**Try it:** Output the entries exactly as they appear. Pictures should not be included.

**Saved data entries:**

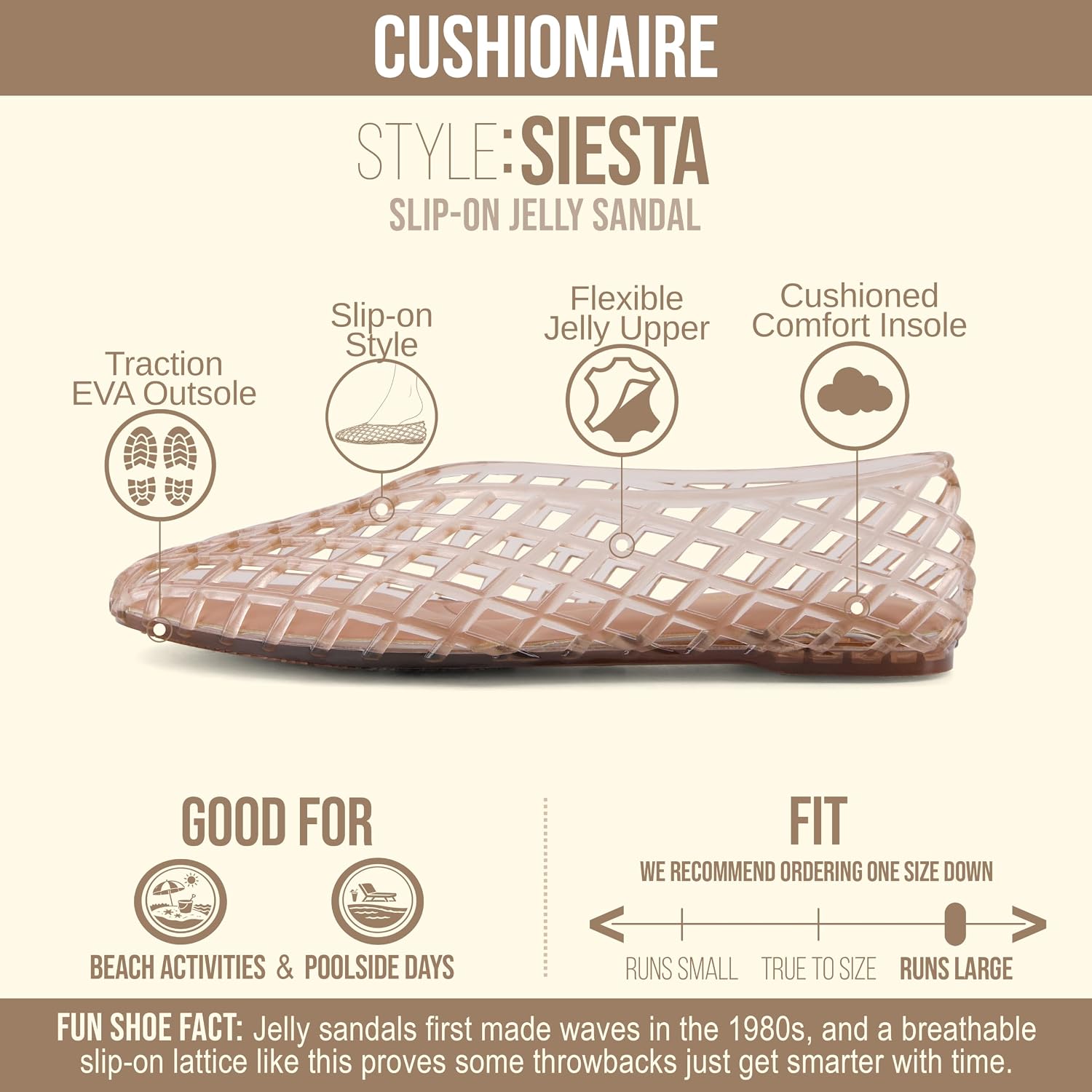 Cushionaire Siesta Modern Lattice Ballet Flats For Women, Comfortable Slip On Pointed Toe Womens Jelly Shoes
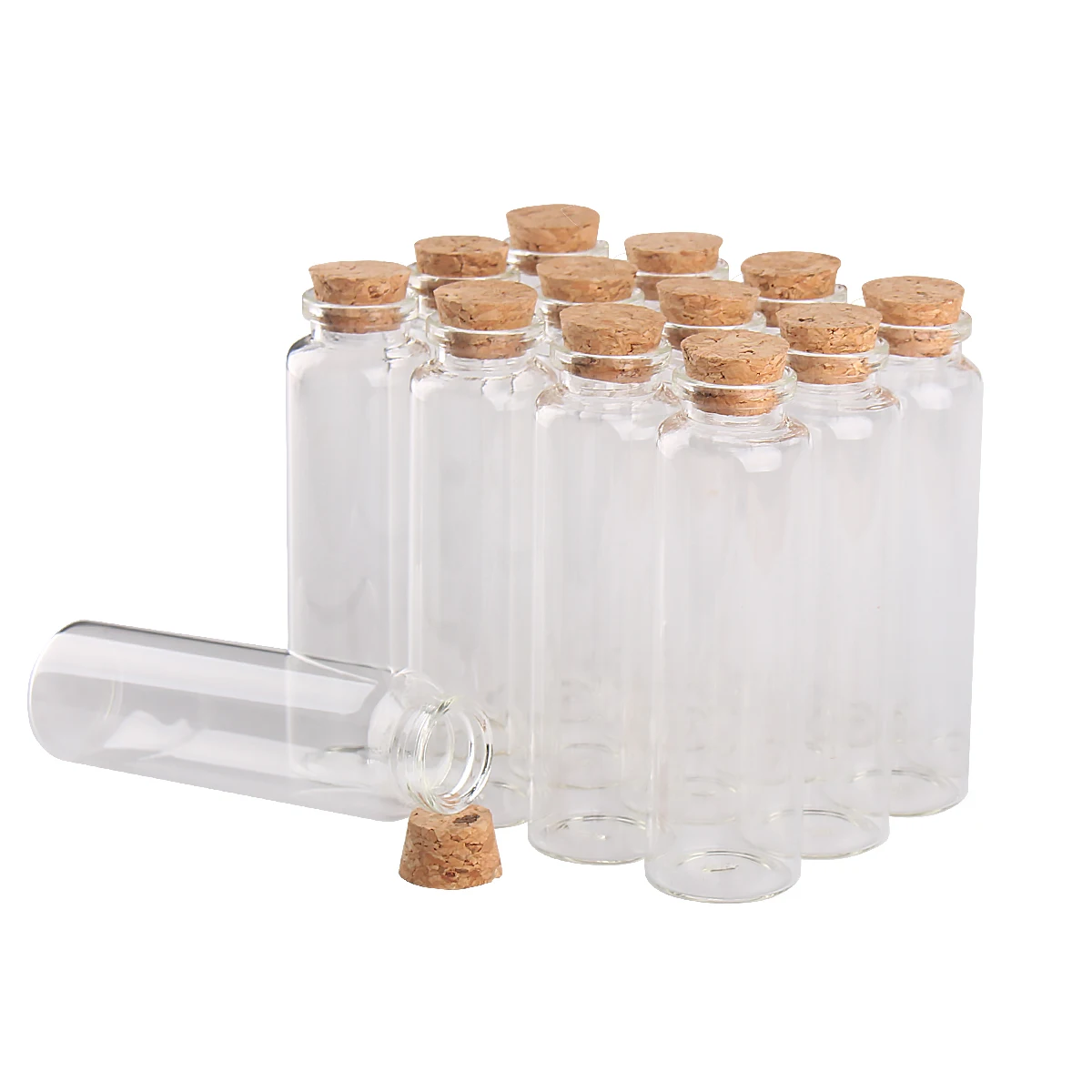 

12 pieces 50ml 30x100x17mm Transparent Glass Jars with Cork Stopper Empty Spice Wishing Bottles for Wedding Craft Gift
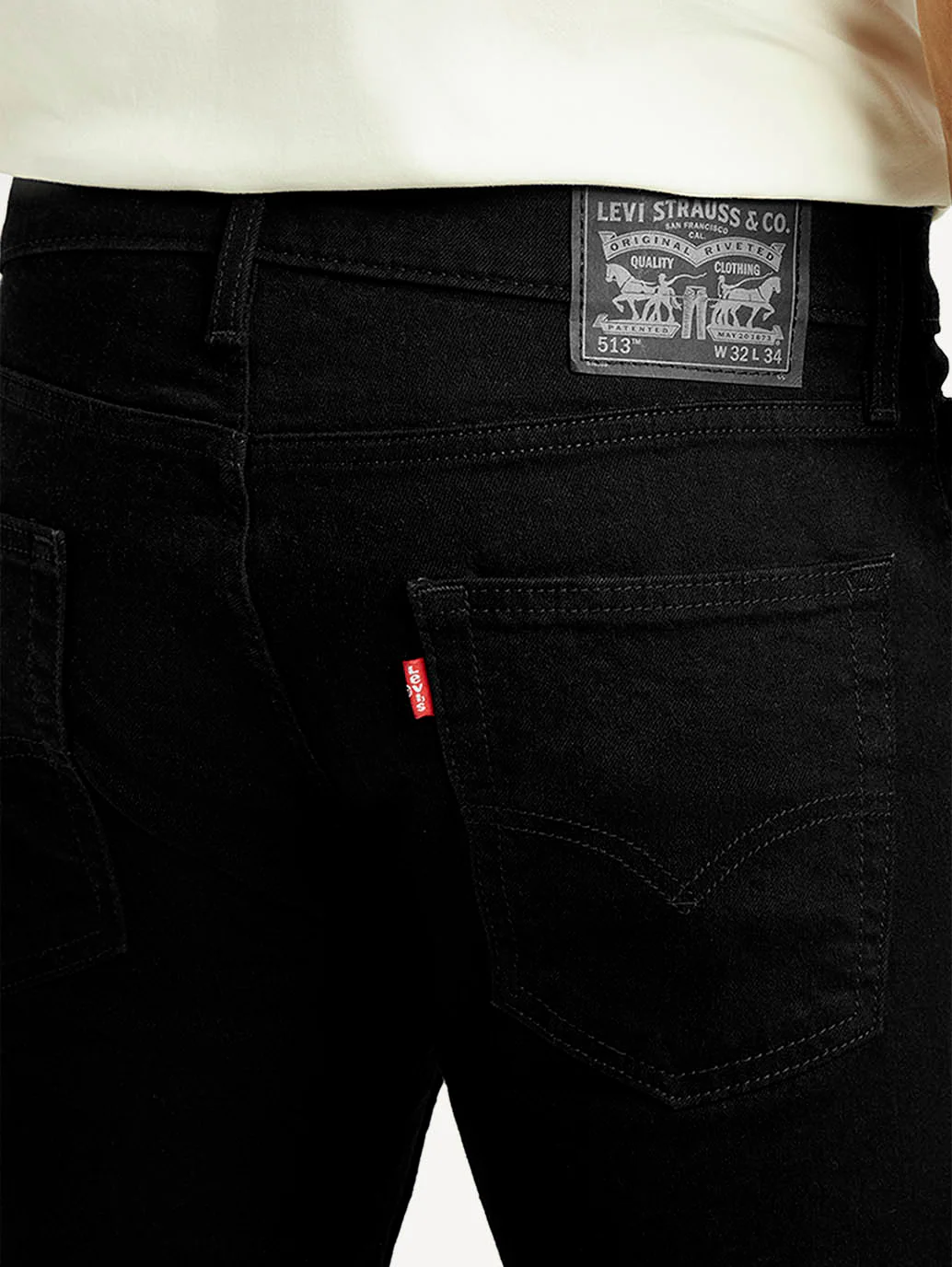 Men's 513 Black Slim Straight Fit Mid Rise Jeans - Image 6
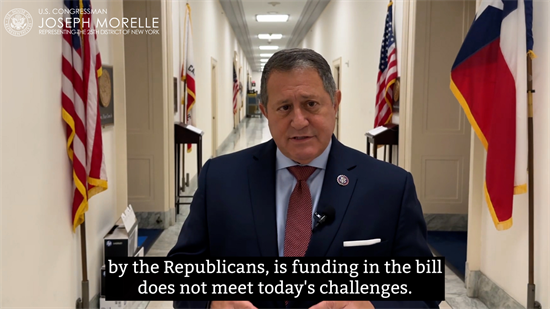 A still from Rep. Morelle's video outside the Energy and Water Development Markup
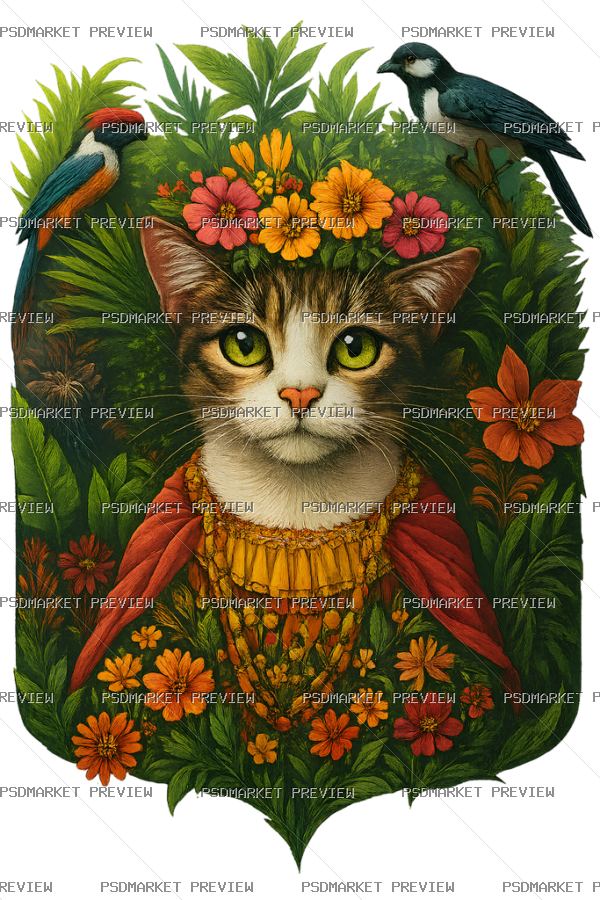 Ukrainian Folk Cat Floral Print – PNG — PSD template preview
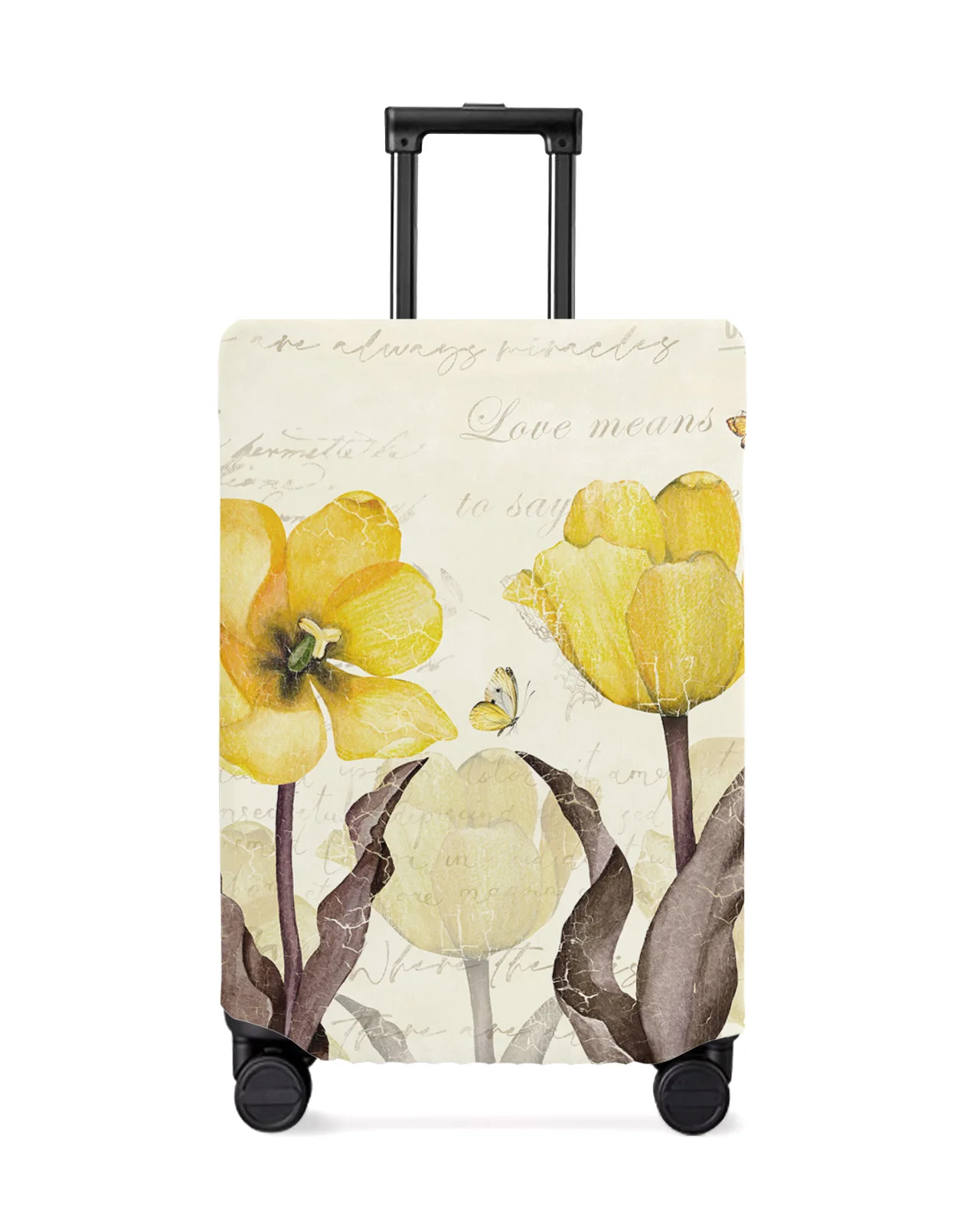 Vintage Flowers Butterflies Yellow Tulips Luggage Cover Stretch Baggage Protector Dust Cover for 18-32 Inch Travel Suitcase Case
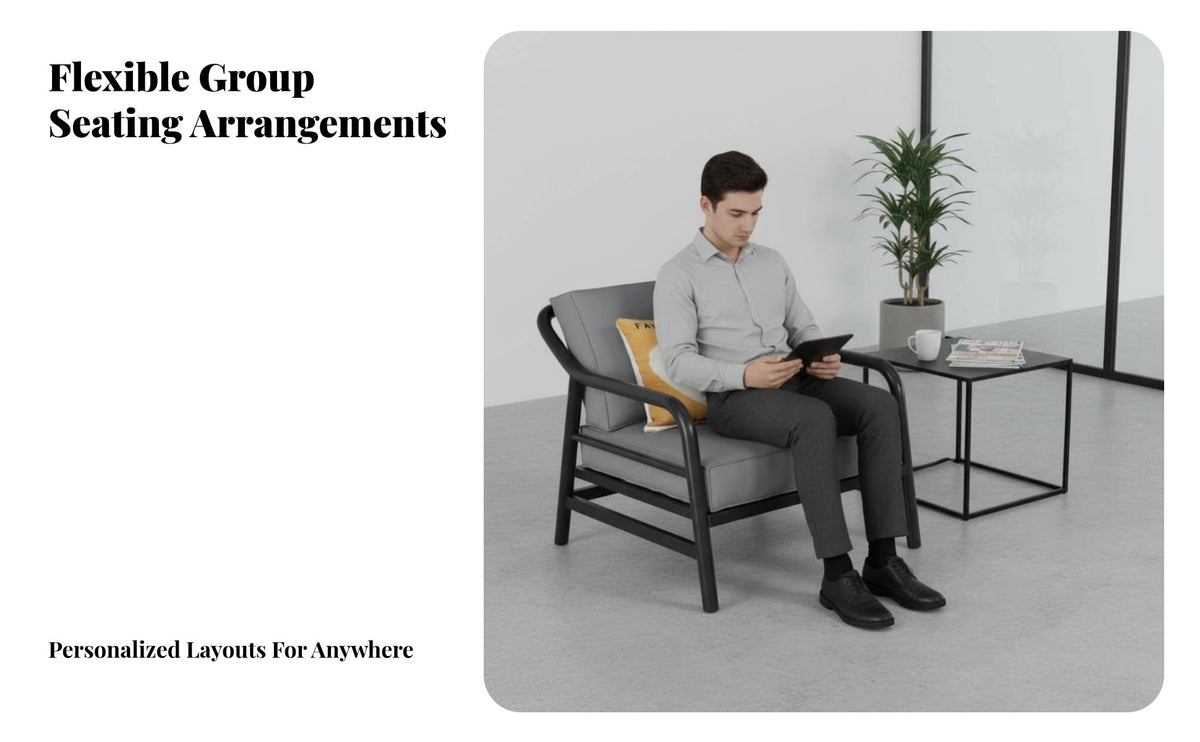 Factory-inspired industrial look Modern Multi-Person Couch Nordic Design Metal Frame Armchair Minimalist Lounge Set firm-density pad for Office Managers, Interior Designers, Reception Area, Lounging, Living Room, Entertaining Guests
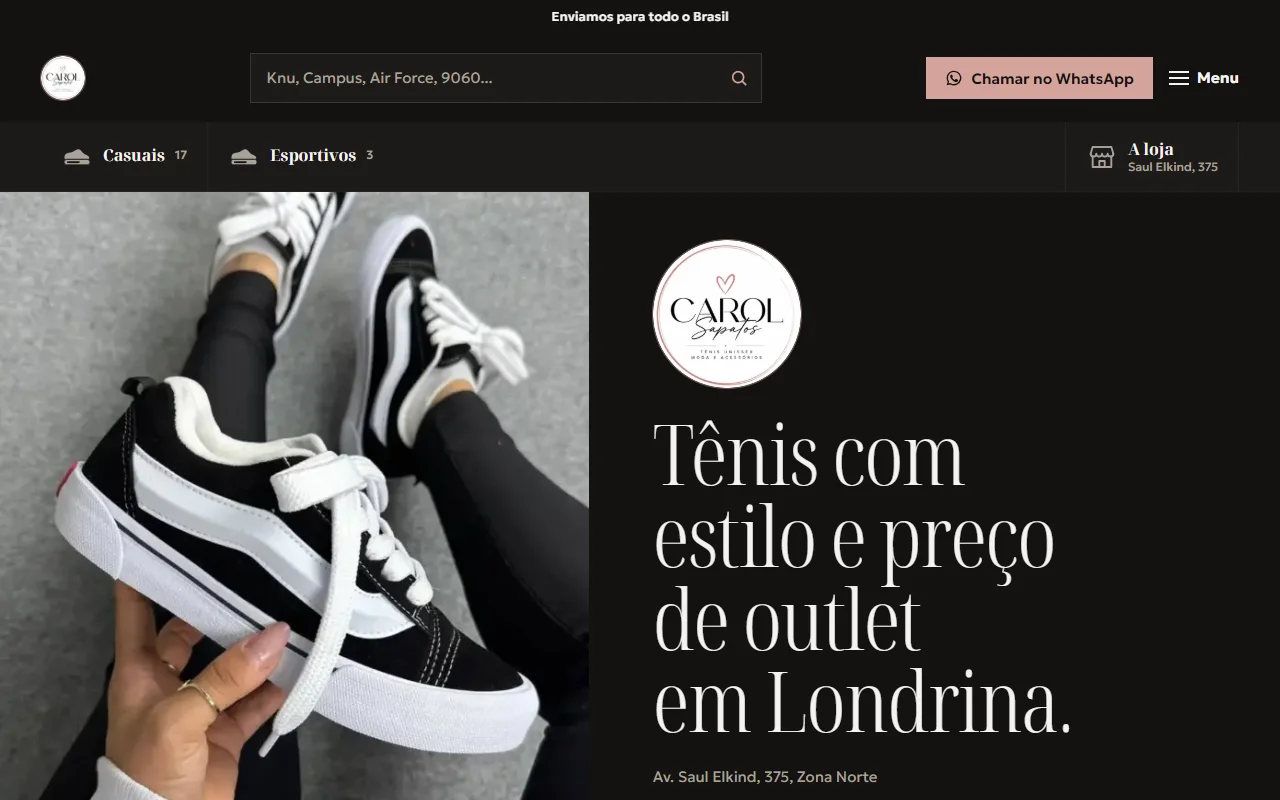 First screen of the Carol Sapatos website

**Response for this exercise:**
 Cushionaire Siesta Modern Lattice Ballet Flats For Women, Comfortable Slip On Pointed Toe Womens Jelly Shoes

12 pieces 50ml 30x100x17mm Transparent Glass Jars with Cork Stopper Empty Spice Wishing Bottles for Wedding Craft Gift
 Men's 513 Black Slim Straight Fit Mid Rise Jeans - Image 6
 A still from Rep. Morelle's video outside the Energy and Water Development Markup
 Ukrainian Folk Cat Floral Print – PNG — PSD template preview
 Vintage Flowers Butterflies Yellow Tulips Luggage Cover Stretch Baggage Protector Dust Cover for 18-32 Inch Travel Suitcase Case
 Factory-inspired industrial look Modern Multi-Person Couch Nordic Design Metal Frame Armchair Minimalist Lounge Set firm-density pad for Office Managers, Interior Designers, Reception Area, Lounging, Living Room, Entertaining Guests
 First screen of the Carol Sapatos website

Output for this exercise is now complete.